Monday, Sep. 06, 1926
Notes
Drift from Fords. The Ford Motor Co. permits scant publicity for its production figures. Only by inference may these be calculated at the present moment. That is not so difficult. Thus-
The January-June, 1926, U. S. motor car and truck production was 2,449,192. Companies other than the Ford Motor Co. made 1,590,220 cars and trucks. Ergo the Ford Motor Co. made 858,972, or 35.1% of the total. General Motors' production was 26% of the total. Last year the Ford Co. made 42.8% of all (in 1924 51.1%), General Motors, 19.2% (in 1924, 16%). The Ford Co.'s daily production averaged about 5,000 units the first six months of 1926, although the capacity is believed to exceed 9,000.
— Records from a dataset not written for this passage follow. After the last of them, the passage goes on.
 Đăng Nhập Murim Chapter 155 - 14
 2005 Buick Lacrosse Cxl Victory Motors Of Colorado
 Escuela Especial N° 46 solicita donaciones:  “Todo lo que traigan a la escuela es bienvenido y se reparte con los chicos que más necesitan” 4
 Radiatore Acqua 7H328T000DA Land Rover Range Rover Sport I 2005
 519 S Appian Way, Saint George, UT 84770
Another Life Saver. When cigarets taste nasty, when the bouquet of gin lingers, when gum drops cloy--it is soothing to champ at a hard mint tablet. Neither Life Savers Inc. nor other makers of hard candy lozenges flavored with aromatic oils--mint, cloves, pepper--have stressed in their advertising those demands for their products. None the less, they have profited therefrom, Life Savers Inc. most of all. This company is even listed on the Manhattan Stock Exchange. It has 8,000 jobbers and dealers; it makes fruit lozenges, which lack the famed Life Saver "hOle";* and shortly it will sell a Life Saver Cough Drop.
Railroads drew the attention of investors last week. Forty roads have made reports of their July incomes. Their net earnings total $76,952,620, practically 30% more than the $59,620,046 of July, 1925. It is also a gain of 9.5% over the net earnings of last June. Therefore it is probable that, when all the U. S. carriers have made their reports, their net July earnings will aggregate $120,000,000. (In July, 1925, the net earnings of all were $99,462,735.)
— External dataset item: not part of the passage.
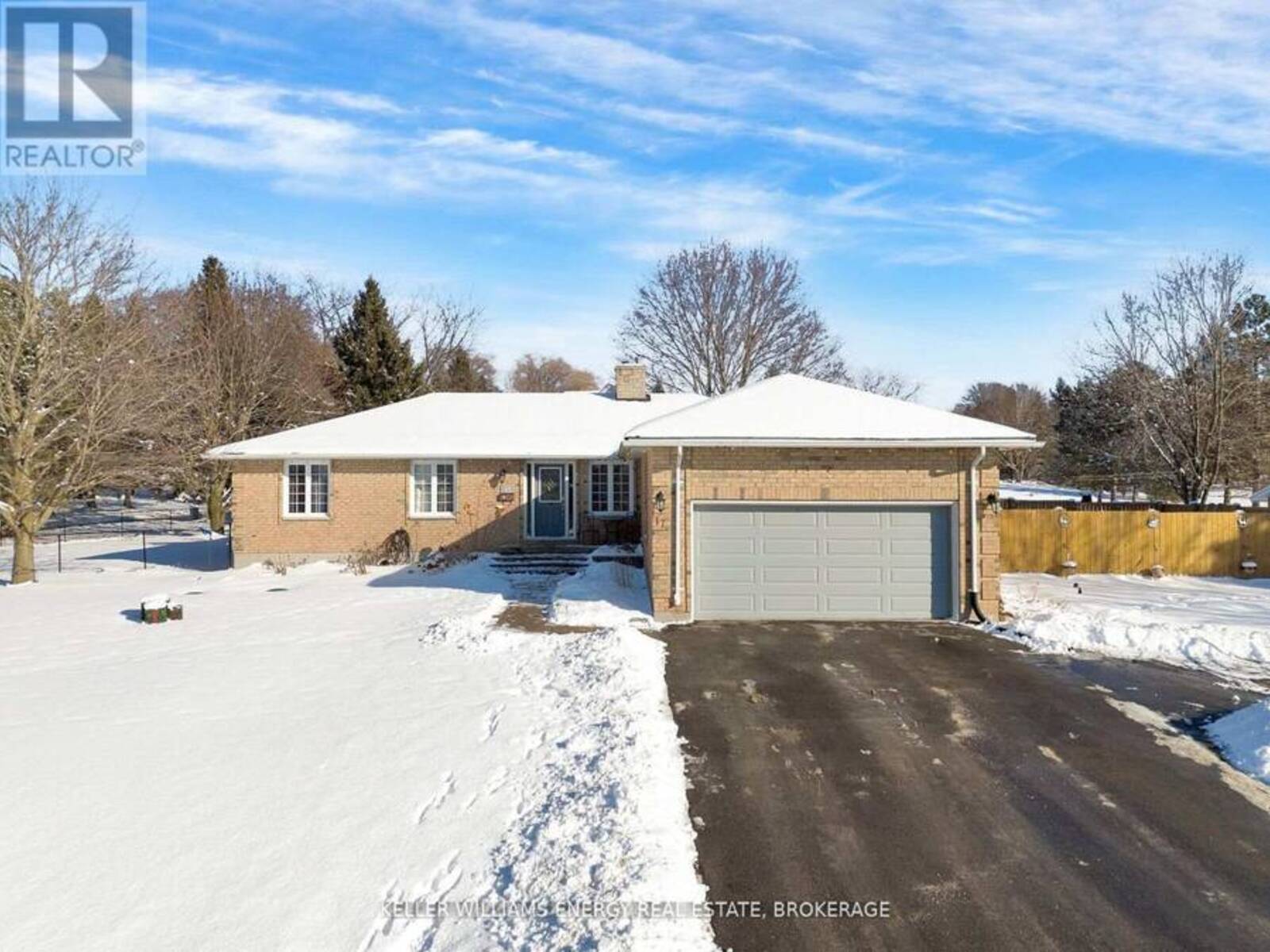 17 STONERIDGE ROAD, Cobourg, Ontario K9A 4J9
The most remarkable of the roads was the Atchison, Topeka & Santa Fe. President William Benson Storey reports that, after all expenses have been deducted from his entire July operating revenues of $25,561,510, he has remaining a net balance of $8,446,943. That is almost double the net operating income ($4,724,336) of July, 1925. This fact and the high earnings of the previous months of this year explain why, last week, Atchison stock was quoted on the Manhattan Stock Exchange at 155%. (On March 30, 1926, its price was 122.)
* Pep-O-Mint, Wint-O-Green, ClOve, Cinn-O-mon, LicOrice, Vi-O-let.